An 8CM Maserati was added to the stable in 1936, with which Bira took first place in the British Empire Trophy in Brooklands. 1937 saw also the ill-fated attempt by the stable of rebuilding two of ex-Seaman's 1927 Delages by fitting them with ugly streamlined bodies and an independent front suspension. Bira was among the most active private entrants in his career spanning from 1935 to 1955. He was a good driver if not among the quickest. After WWII he resumed racing but the engine of his beloved "Romulus" blew in pieces at the Pau GP in 1947. He bought a Maserati 4CL winning the GP des Frontières and a race at Lausanne. Later on a new 4CLT/48 he won a race in Zandvoort in 1948, in Sweden in 1949 with a third at the Italian GP that year. A OSCA 4.5-litre engine was also fitted on this car in 1951, to no avail. At the end of 1948 his partnership with Prince Chula was dissolved and in 1950 he took part in the races for the World Championship in a Maserati entered by Enrico Platé. It is said that his origin prevented him from driving for a top team, but maybe also that was because he was extremely short-sighted, having to wear spectacles or special goggles.
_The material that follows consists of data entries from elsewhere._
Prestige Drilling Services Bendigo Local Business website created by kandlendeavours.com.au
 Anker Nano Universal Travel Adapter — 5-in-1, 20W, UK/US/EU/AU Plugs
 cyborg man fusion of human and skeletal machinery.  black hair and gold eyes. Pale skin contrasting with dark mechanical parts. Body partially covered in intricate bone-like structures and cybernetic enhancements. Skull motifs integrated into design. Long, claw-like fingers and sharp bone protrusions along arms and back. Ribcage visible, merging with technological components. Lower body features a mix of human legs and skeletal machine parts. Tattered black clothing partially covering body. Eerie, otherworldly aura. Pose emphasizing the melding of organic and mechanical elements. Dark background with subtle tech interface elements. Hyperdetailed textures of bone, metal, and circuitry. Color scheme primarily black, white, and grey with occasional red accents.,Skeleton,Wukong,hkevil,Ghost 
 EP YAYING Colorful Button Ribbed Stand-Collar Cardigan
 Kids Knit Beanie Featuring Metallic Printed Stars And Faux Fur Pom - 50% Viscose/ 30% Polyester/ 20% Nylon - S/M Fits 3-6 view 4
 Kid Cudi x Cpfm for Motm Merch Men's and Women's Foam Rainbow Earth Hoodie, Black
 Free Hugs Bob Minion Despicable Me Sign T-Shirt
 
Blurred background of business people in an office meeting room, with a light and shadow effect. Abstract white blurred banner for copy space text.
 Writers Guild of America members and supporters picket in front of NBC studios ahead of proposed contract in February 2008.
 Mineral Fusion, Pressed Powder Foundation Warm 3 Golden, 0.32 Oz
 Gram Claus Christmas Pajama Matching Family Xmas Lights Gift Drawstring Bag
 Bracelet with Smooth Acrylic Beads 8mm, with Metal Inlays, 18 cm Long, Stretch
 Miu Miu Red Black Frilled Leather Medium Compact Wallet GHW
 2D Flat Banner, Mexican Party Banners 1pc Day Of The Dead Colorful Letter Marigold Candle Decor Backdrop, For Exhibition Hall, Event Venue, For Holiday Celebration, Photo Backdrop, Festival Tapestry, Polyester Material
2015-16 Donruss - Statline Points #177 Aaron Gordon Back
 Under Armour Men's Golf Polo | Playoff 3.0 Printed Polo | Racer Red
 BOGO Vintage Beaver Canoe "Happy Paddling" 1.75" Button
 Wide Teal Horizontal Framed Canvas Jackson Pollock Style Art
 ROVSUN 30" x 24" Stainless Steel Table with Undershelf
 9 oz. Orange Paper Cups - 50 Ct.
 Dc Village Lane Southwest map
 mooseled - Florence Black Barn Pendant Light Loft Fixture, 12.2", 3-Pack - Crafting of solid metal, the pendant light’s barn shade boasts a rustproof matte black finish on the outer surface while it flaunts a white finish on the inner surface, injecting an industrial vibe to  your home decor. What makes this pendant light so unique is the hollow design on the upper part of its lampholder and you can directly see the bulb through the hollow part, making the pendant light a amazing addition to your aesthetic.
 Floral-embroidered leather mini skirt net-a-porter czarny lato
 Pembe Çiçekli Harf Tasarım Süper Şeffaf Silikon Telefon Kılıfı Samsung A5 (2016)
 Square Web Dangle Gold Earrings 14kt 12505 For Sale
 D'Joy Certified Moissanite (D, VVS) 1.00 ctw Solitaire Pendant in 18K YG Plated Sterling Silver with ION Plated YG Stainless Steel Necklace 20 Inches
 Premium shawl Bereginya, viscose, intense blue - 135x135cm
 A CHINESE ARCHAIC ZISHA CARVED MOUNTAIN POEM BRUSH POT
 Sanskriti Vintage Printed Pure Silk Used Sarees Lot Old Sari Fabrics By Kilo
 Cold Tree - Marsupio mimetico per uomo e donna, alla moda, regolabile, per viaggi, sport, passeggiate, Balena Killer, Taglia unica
He had works drives in F2 for Gordini starting in 1947 with four World Championship races in 1952, occasionaly for HWM and three World Championship races for Connaught with a type A with Lea Francis engine in 1953, all with little success. A 250F engine was assembled on a A6GCM Maserati early in 1954 to be transferred later to the car in the photograph. It was one of the best cars he ever drove and with it he won the New Zealand GP early in 1955. But after a third in the Silverstone International Trophy he decided to retire permanently from racing, sold the car to Horace Gould and went back to Thailand to run an airline. He raced a total of19 World Championship GPs for 8 points. Hit by a stroke in a London Subway station, he died on December 23rd, 1985.